Unfortunately there are a bucket load of camera owners here at think the expense of equipment and training is a bunch of malarkey.
Did you know that in level II training you walk away with the ability to determine how many watts of electricity is being consumed by a lightbulb hidden underneath a 12 quart aluminum pot!?
Let’s try to wrap our minds around this for a minute and see where it takes us.
#1 we are trying to analyze the effectiveness of a radiant barrier.
The key here is “radiant”.
We’re not measuring how hot the barrier is with relation to other things in the attic we want to know how we can remove the amount of radiant heat that is affecting the total heat in the attic. After all that’s why we’re putting it in there.
So, what is a radiant barrier? Is something that blocks radiant heat (not conduction and not convection).

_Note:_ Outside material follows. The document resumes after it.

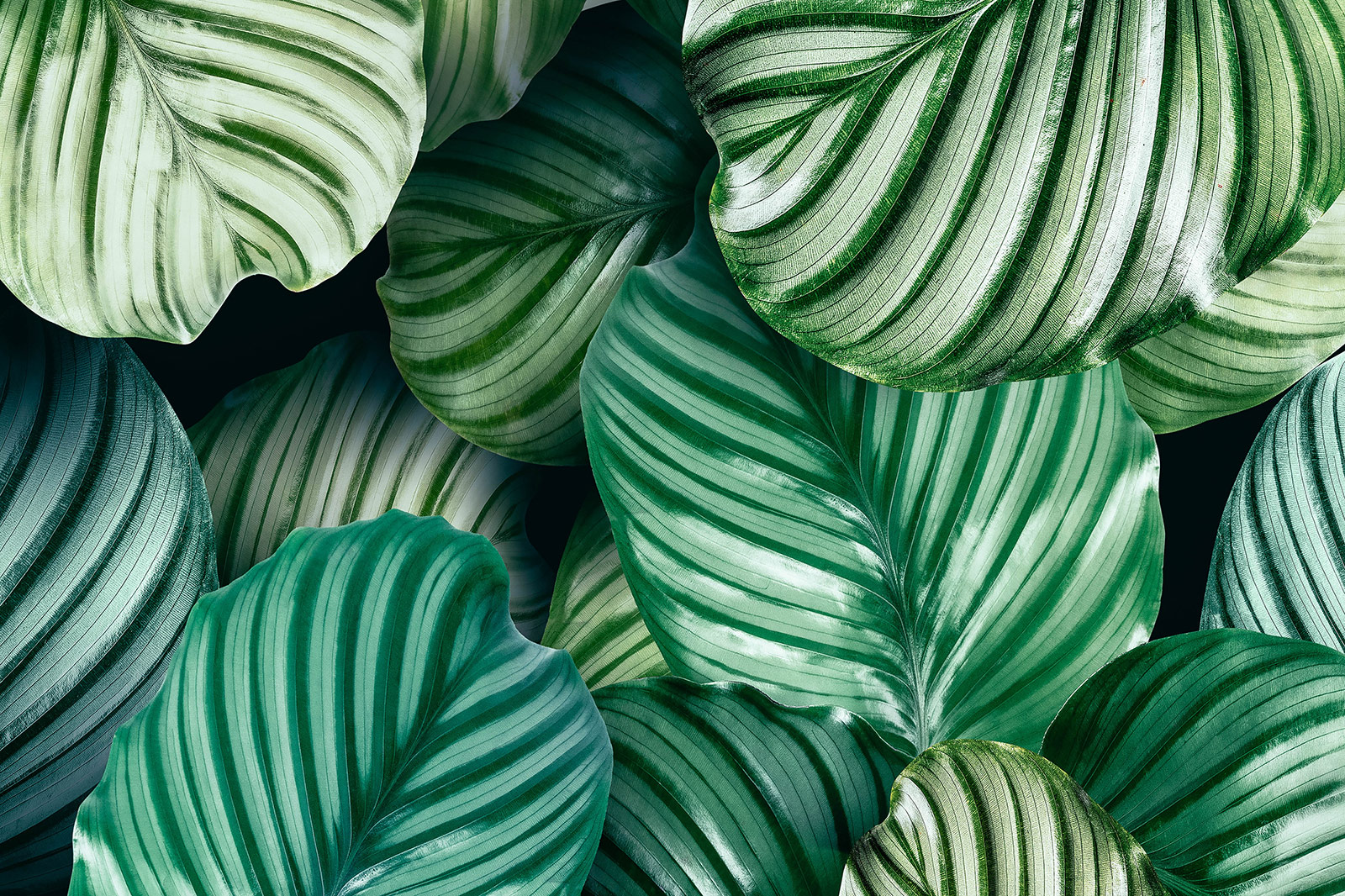 Overhead view of a cluster of Calathea orbifolia plant leaves in varying shades of green and cream stripes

It doesn’t matter if the radiant barrier is 100°. What matters is that what it is constructed of does not “radiate”.
So of you simply take your temperature readings as indicated below you will see that the truss members that are shadowed by the radiant barrier have a significant lower temperature than those exposed to the roof deck.
Divide this into each other and it will give you a percentage.

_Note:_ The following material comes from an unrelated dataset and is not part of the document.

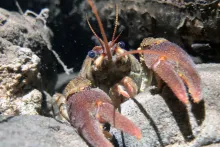 white-clawed crayfish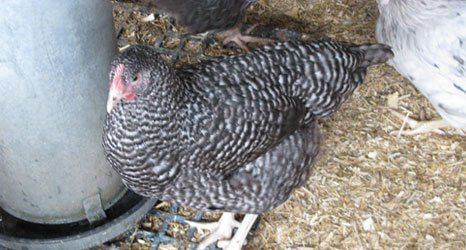 Hen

Note, if you put a substance on the radiant barrier that has a high emissivity (something that you can measure accurately) you are going to find the temperature of that radiant barrier is as close in temperature to that of the roof deck.
Conduction + convection + radiation = total heat load in the attic.
Because there is a huge amount of radiation affect going on in an attic space when you address the radiation amount of heat load significantly drops.
What happens if your roof is covered by a tree shadow?
Answer: you wasted your money on a radiant barrier.